In the digital world, it seems that everything is reinvented, and someone claims that they have a patent on that reinvention. In the last few weeks, we have seen news about patent claims asserted against radio broadcasters for their digital music storage systems, against public broadcasters for podcasts, and even against companies trying to comply with the FCC’s new guidelines for E-911 (emergency communications over wireless and VoIP networks) providers. These claims highlight that media companies and others in the communications industry have to be prepared for patent litigation almost as a cost of doing business – and need to consult with patent lawyers about strategies if they are faced with such claims, and consider the potential of concerted defenses with others similarly situated if the defense does not violate other laws (such as the antitrust laws). What claims have been raised recently?
Over the last two years, thousands of radio stations across the country have received letters claiming that their digital music storage systems violated a patent from a company called Mission Abstract Data. While the patents in question have a checkered history at the Patent Office – after being issued, they were reexamined and their basis questioned, with the Patent Office ultimately agreeing that the patents, as limited through the reexamination, were in fact valid.

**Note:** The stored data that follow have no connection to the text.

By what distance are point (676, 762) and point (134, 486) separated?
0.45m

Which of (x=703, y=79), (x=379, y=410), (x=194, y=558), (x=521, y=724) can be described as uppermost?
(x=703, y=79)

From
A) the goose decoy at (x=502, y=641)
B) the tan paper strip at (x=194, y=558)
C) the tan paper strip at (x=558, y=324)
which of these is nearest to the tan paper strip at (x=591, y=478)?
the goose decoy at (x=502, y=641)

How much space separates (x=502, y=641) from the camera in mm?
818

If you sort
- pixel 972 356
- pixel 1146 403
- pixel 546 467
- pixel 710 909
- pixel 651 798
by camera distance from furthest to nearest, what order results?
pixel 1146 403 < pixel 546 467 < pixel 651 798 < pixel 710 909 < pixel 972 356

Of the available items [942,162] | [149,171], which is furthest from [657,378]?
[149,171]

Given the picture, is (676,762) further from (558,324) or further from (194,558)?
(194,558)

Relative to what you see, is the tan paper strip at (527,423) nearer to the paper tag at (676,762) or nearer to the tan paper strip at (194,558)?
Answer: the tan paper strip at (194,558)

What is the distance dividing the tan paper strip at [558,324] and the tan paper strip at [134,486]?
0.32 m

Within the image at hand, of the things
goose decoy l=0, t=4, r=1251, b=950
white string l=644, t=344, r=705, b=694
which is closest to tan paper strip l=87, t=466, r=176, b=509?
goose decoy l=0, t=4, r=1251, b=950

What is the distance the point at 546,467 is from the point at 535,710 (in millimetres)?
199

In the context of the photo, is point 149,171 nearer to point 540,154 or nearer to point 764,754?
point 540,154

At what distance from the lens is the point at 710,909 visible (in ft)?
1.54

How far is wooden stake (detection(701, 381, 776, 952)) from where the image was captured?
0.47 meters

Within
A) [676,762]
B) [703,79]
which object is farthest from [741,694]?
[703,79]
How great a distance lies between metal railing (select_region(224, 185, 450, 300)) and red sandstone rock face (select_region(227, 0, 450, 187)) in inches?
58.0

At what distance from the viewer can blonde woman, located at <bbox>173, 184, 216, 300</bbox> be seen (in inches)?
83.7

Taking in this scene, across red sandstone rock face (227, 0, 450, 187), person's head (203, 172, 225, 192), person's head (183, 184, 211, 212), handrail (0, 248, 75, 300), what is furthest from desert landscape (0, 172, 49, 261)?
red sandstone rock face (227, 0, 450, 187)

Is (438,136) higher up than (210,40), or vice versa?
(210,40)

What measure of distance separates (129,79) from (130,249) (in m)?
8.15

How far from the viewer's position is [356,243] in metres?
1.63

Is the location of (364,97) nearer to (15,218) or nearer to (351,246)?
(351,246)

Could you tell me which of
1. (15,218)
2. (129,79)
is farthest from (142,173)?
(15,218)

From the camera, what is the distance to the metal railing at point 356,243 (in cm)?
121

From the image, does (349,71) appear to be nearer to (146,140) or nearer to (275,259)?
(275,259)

But that decision was itself challenged by equipment manufacturers whose music systems could infringe on the patent. That further reexamination is still underway. Nevertheless, as that reexamination continues, the company that currently has rights to the patent, Digimedia, has sued four radio station owners in Texas claiming that they are violating these patents controlled by the company. These suits are in addition to a long-pending case against a number of large broadcasters, which has been stayed pending the outcome of the Patent Office reexamination (though the patent holder has asked that the stay be lifted – an argument to be considered later this month). Some observers have suggested that these new suits may be a precursor to other actions to try to convince reluctant broadcasters to take out a license rather than fight a lawsuit.
Public radio, and other media companies, are also facing another patent claims that may have relevance to many other broadcasters. This claim comes from a company claiming that its technology covers podcasts – as it has a patent from 1996 covering a system that allows for the identification and retrieval of media content is a series automatically as new episodes become available. Current, the magazine of public broadcasting, recently ran an article on that patent, a blog post from EFF – the Electronic Frontier Foundation – lists a number of other prominent podcasters who have been hit by the claim. EFF has been acting as a clearinghouse on the claims, gathering and sharing information among those who have been subject to it.

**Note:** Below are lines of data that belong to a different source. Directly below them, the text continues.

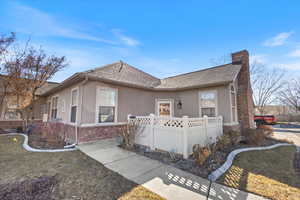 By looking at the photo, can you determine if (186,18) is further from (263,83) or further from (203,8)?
(263,83)

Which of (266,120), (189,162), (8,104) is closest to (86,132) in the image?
(189,162)

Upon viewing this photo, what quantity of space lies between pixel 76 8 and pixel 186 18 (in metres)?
6.19

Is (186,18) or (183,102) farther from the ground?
(186,18)

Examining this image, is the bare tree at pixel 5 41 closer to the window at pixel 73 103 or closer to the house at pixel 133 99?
the house at pixel 133 99

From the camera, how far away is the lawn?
8.18 ft

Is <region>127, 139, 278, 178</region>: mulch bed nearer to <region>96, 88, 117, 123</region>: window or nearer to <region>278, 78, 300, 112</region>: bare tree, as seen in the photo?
<region>96, 88, 117, 123</region>: window

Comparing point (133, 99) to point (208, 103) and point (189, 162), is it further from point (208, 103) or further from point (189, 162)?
point (189, 162)

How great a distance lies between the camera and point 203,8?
6.96m

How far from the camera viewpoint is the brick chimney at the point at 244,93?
26.0 feet

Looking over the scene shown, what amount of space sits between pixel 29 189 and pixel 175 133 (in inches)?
165

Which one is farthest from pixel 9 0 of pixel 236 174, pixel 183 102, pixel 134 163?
pixel 236 174

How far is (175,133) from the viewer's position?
480 cm

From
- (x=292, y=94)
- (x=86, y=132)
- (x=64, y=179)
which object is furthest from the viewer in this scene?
(x=292, y=94)

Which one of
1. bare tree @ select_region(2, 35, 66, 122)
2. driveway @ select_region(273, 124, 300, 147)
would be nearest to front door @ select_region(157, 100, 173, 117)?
driveway @ select_region(273, 124, 300, 147)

Even the FCC has gotten into the act – though in an area not directly relevant to broadcasters. Last week, the FCC issued a public notice asking what it can do as companies using the E-911 system authorized by the FCC have recently been hit by claims that these systems infringe on a patent and must be licensed.
How can users of technologies that are widely in use, using systems sold by reputable vendors, end up facing these kinds of lawsuits? As we have written before, a patent gives the inventor the right to bring an action against anyone who uses the patent without permission – giving them the right to sue both manufacturers and users. And, under the current system, a patent can be issued to a company or individual who comes up with an invention, even if they are making no attempts to actually use their invention themselves through the manufacture and sale of a product using their technology. Thus, these companies are often called "Patent Assertion Companies," or "Non-Practicing Entities" or, more pejoratively, "patent trolls." In essence, these companies use their "inventions", or ones that they have purchased, not to build or market products, but to obtain licenses from as many users as they can get to sign agreements.

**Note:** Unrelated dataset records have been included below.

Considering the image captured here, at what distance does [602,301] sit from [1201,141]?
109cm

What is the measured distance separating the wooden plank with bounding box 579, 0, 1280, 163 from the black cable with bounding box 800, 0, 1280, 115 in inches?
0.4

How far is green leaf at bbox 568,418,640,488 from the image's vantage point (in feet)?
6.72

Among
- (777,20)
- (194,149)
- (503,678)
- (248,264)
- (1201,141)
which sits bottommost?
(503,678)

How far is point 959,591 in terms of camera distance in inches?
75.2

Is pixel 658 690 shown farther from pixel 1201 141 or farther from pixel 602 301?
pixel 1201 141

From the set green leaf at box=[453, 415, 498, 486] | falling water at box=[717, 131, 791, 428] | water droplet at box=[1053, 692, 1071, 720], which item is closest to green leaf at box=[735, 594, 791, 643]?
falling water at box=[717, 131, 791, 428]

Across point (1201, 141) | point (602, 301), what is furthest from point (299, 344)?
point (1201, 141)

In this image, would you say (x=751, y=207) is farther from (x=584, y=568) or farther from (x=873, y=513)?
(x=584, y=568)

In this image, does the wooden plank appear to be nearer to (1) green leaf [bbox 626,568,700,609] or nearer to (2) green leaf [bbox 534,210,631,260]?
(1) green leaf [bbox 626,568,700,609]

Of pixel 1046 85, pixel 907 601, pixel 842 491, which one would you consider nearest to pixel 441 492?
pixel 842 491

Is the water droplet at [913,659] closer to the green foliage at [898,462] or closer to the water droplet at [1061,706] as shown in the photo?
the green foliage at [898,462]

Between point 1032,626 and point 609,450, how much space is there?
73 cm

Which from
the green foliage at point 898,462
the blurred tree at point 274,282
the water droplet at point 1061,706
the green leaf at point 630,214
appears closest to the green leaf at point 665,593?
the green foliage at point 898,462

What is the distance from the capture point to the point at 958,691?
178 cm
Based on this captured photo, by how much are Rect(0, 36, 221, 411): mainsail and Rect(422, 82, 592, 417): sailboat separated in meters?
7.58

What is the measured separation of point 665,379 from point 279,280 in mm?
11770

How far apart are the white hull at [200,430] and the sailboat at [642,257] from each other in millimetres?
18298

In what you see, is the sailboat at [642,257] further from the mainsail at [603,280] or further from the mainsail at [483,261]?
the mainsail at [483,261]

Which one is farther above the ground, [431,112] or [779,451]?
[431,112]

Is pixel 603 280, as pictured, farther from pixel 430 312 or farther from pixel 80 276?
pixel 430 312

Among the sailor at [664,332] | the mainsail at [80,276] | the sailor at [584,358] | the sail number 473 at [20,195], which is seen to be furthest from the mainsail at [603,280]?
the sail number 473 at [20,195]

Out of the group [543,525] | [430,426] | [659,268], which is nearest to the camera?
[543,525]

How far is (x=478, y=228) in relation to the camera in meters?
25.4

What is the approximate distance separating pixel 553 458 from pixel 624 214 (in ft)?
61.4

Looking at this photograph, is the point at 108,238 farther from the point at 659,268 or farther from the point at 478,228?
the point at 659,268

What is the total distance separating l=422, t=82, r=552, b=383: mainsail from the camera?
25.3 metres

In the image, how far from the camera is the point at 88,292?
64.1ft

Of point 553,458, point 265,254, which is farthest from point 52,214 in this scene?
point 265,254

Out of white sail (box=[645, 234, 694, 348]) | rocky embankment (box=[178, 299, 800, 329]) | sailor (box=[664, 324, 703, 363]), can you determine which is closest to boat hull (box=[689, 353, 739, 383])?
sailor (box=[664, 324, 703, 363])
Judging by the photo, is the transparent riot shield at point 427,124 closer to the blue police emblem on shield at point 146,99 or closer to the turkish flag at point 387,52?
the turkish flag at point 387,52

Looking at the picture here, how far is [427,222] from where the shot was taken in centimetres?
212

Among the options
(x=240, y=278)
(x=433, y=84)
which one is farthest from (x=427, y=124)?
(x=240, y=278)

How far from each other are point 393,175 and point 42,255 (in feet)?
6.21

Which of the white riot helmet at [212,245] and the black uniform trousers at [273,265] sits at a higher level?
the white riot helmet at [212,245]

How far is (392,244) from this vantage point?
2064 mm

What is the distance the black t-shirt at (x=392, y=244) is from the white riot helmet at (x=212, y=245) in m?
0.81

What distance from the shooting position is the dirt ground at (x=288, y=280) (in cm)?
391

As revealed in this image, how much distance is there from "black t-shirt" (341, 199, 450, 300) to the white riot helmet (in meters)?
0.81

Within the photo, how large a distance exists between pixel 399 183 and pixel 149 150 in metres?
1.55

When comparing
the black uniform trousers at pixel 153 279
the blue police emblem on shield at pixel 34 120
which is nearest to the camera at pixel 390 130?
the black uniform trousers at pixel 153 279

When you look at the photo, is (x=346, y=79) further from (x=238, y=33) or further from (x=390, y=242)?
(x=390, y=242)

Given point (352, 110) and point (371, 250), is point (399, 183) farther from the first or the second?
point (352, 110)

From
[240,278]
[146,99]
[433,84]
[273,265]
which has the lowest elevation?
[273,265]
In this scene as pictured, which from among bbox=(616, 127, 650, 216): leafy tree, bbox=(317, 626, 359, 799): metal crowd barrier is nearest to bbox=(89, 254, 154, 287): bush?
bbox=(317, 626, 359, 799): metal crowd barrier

We are not patent attorneys, and the patent law system is one that is very complex. Experts are needed to navigate through the maze of processes and possible defenses that can be raised if you end up at the end of a complaint from one of these companies. As has been the case with the Mission Abstract Data/Digimedia patent, claims can be made at the patent office to invalidate the patent. Engineers can review your systems to make sure that you really infringe on the terms of the patent, as some of these, like the Digimedia patent, have been limited and only cover systems that store and retrieve music in a specified way. Parties may also get together to defend themselves against a patent – if that joint defense does not itself create issues under the antitrust laws or other laws. But, as the suits against the stations in Texas make clear, these claims should not be ignored – as the threats made in the demand letters that many entities receive are real, and can lead to a real legal action.